Html format of the reputation:
<div class="user-details">
<a href="/users/149223/ira-cooke">Ira Cooke</a><br>
<span class="reputation-score" title="reputation score " dir="ltr">1,117</span>
We can see that the information we need to search is under /class 'user-details' then under /span 'reputation-score'. However, we can realize that it is in the same class 'user-details' of name of persons who posted the question. Therefore in some cases, there exists the anonymous without any reputation score.
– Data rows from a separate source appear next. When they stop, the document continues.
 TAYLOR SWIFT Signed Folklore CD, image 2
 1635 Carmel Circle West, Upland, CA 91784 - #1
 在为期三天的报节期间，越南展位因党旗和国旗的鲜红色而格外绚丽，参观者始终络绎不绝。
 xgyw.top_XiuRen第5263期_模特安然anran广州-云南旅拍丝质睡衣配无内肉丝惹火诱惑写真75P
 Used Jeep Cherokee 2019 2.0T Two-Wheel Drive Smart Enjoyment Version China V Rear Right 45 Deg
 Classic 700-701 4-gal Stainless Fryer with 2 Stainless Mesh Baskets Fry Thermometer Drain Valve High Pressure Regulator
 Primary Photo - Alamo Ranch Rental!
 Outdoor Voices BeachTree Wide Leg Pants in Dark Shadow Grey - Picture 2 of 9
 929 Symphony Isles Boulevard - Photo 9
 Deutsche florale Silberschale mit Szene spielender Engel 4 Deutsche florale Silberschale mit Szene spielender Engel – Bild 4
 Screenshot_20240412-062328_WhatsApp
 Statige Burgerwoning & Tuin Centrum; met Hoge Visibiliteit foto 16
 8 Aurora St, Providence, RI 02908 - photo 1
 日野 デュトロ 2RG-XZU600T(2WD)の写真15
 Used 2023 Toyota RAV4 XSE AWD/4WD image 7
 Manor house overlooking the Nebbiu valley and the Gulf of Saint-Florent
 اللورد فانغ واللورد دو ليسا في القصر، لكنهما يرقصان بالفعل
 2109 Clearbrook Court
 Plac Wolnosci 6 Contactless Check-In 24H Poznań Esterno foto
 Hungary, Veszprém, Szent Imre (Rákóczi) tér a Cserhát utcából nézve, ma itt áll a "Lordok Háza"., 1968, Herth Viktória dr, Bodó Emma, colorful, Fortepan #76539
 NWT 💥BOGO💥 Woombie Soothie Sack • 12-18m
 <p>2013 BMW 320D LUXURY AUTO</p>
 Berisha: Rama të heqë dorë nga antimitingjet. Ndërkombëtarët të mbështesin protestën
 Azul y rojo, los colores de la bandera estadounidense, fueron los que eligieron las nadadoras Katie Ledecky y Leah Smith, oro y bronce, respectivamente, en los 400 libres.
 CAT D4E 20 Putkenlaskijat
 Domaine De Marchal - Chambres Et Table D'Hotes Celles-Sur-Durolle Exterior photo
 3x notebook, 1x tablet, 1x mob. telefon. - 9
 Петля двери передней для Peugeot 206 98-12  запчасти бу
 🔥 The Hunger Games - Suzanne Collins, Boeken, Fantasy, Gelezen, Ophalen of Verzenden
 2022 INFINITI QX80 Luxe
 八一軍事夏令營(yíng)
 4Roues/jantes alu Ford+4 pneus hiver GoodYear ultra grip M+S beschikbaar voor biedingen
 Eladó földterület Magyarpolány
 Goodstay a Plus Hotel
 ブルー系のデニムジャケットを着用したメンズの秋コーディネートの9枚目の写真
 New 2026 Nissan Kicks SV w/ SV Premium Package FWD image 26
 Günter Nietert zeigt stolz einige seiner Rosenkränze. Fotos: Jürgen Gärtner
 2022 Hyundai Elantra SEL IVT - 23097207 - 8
So we can borrow the anon_index of who to solve this problem.
> if (length(anon_index) == 0){
+ reputation = getNodeSet(doc,"//div[@class = 'user-details']//span[@class = 'reputation-score']")
+ reputation = sapply(reputation, function(reputation) xmlValue(reputation))
+ reputation = as.numeric(gsub("[,|.]","",gsub("[k]","000",reputation)))
+ }else{
+ reputation = getNodeSet(doc,"//div[@class = 'user-details']//span[@class = 'reputation-score']")
+ reputation = sapply(reputation, function(reputation) xmlValue(reputation))
+ reputation = as.numeric(gsub("[,|.]","",gsub("[k]","000",reputation)))
+ reputation = data.frame(index=index, reputation = reputation)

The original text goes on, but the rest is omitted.